RECESSION-PROOF TRAVEL BREAKS FOR THE BORED AND BELEAGUERED

(for Mam, who loved a bargain holiday, and Dad, who loved Yugoslavia)

Thursday, January 21, 2010

A Taste of the Camino de Santiago

Oh my poor feet!
Don’t know what to call this one. Is it a bargain break? (Sure is). Is it a pilgrimage? (Yes, of course. That’s what it’s supposed to be). But couldn't you call it a green trek? A sunshine holiday abroad? A life-changing experience? A sign of the times? Start of an obsession?


When I joined my two friends, they had already clocked up enough miles to get a certificate if ever they made it to Santiago. They had pilgrim passports with colourful stamps, and they had warm, painful and life-enhancing stories to recall. I knew they weren’t going to give up at that point, but  I wasn’t so sure about myself. I had arrived by aeroplane, coach, taxi and bus to a town around 40 km east of Santiago. They had been on the road since just after dawn and were in full stride. I was utterly unfit from a prolonged sedentary job  and immediately set a mileage clock in my head and started an obsessive countdown. A long-legged friend who had gone at the camino multiple ways over the years had told me with derision of seeing a bus dropping awl wans (old ones if you are not Irish) a few miles out of Santiago to stagger the last bit into town. Quelle horreur!, I didn’t say.



I love walking, though I am no longer any good at it. Tommy Tiernan, the thinking man’s comedian, calls it a great cure for madness. Next to my slimbo friends I was Gulliver in Lilliput. I can truly say I passed no one in a poorer condition of fitness than myself (though it's not like I passed anyone anyway). But no matter. I am only saying this to encourage the hesitant.
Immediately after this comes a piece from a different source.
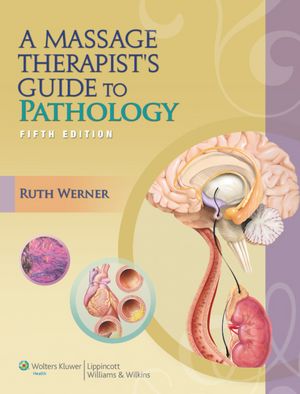 Forum for downloading books A Massage Therapist's Guide to Pathology by Ruth Werner 9781608319107 in English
In less than an hour after meeting we were so deep in the country, green country – in burnt out heat-desiccated SPAIN! - that the bliss of that offset the developing blisters. It was tough going sometimes. Still hot in September, hilly - and of course it was unknown terrain. But just when it seemed like you might want to stab a pilgrim for a shot of coffee, in the middle of nowhere you would round a bend and there, sitting under a canopy of trees, was the thing you had dreamed of on every hike you ever did – an aromatic little café with snacks, bottled water, shade and chairs! Something else was noticeable too. Very reasonable prices, sympathetic mutual wincing between strangers in the queue and at the  tables outside. Camaraderie! And tangible efforts by the woman behind the counter to understand and accommodate. I hadn’t experienced that for a while on my travels.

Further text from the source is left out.